Elizabeth laughed and coloured a little, with no displeased
expression. The laugh subsided and her face became very grave
again as the gentlemen made their parting bows.
The brothers walked home in silence, till they had near
reached their own door.
"How easily you make a straight way for yourself anywhere!"
Rufus said suddenly and with half a breath of a sigh.
"What do you mean?" said Winthrop starting.
"You always did."
"What?"
"What you pleased."
"Well?" said Winthrop smiling.
"You may do it now. And will to the end of your life."

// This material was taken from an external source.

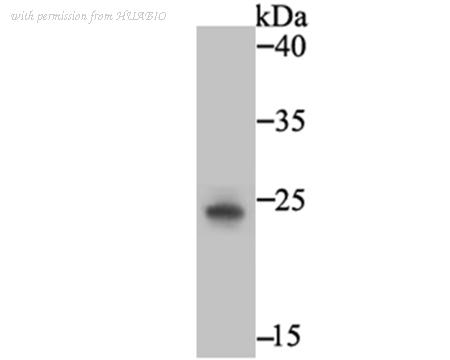 HUABIO EM1701-90 image 1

"Which seems to afford you somehow a gloomy prospect of
contemplation," said his brother.
"Well -- it does -- and it should."
"I should like to hear you state your premises and draw your
conclusion."
Rufus was silent and very sober for a little while. At last he
said,
"Your success and mine have always been very different, in
everything we undertook."
"Not in everything," said Winthrop.
"Well -- in almost everything."
"You say I do whatever I please. The difficulty with you
sometimes, Will, is that you do not 'please' hard enough."
"It would be difficult for anybody to rival you in that,"
Rufus said with a mingling of expression, half ironical and
half bitter. "You please so 'hard' that nobody else has a
chance."
To which Winthrop made no answer.
"I am not sorry for it, Governor," Rufus said just as they
reached their door, and with a very changed and quiet tone.
To which also Winthrop made no answer except by a look.
CHAPTER XXIV.
I watch thee from the quiet shore;
Thy spirit up to mine can reach;
But in dear words of human speech
We two communicate no more.
TENNYSON.
Mrs. Nettley was putting the finishing touches to her
breakfast -- that is, to her breakfast in prospect. A dish of
fish and the coffee-pot stood keeping each other cheerful on
one side the hearth; and Mrs. Nettley was just, with some
trouble, hanging a large round griddle over the blazing fire.
Her brother stood by, with his hands on his sides, and a
rather complacent face.
"What's that flap-jack going on for?"
"For something I like, if you don't," said his sister. "George
--"
Mrs Nettley stopped while her iron ladle was carefully
bestowing large spoonfuls of batter all round the griddle.
"What?" said Mr. Inchbald, when it was done.
"Somebody up-stairs likes 'em. Don't you suppose you could get
Mr. Landholm to come down. He likes 'em, and he don't get 'em
now-a-days -- nor too much of anything that's good. I don't
know what he _does_ live on, up there."
"Anything is better than those things," said her brother.
"Other people are more wise than you. Do go up and ask him,
will you, George? I hope he gets good dinners somewhere, for
it's very little of anything he cooks at that smoky little
fireplace of his. Do you ever see him bring anything in?"
"Nothing. I don't see him bring himself in, you know. But
he'll do. He'll have enough by and by, Dame Nettley. I know
what stuff he's of."
"Yes, but no stuff'll last without help," said Mrs. Nettley,
taking her cakes off the griddle and piling them up carefully.
"Now I'm all ready, George, and you're standing there -- it's
always the way -- and before you can mount those three pair of
stairs and down again, these'll be cold. Do go, George; Mr.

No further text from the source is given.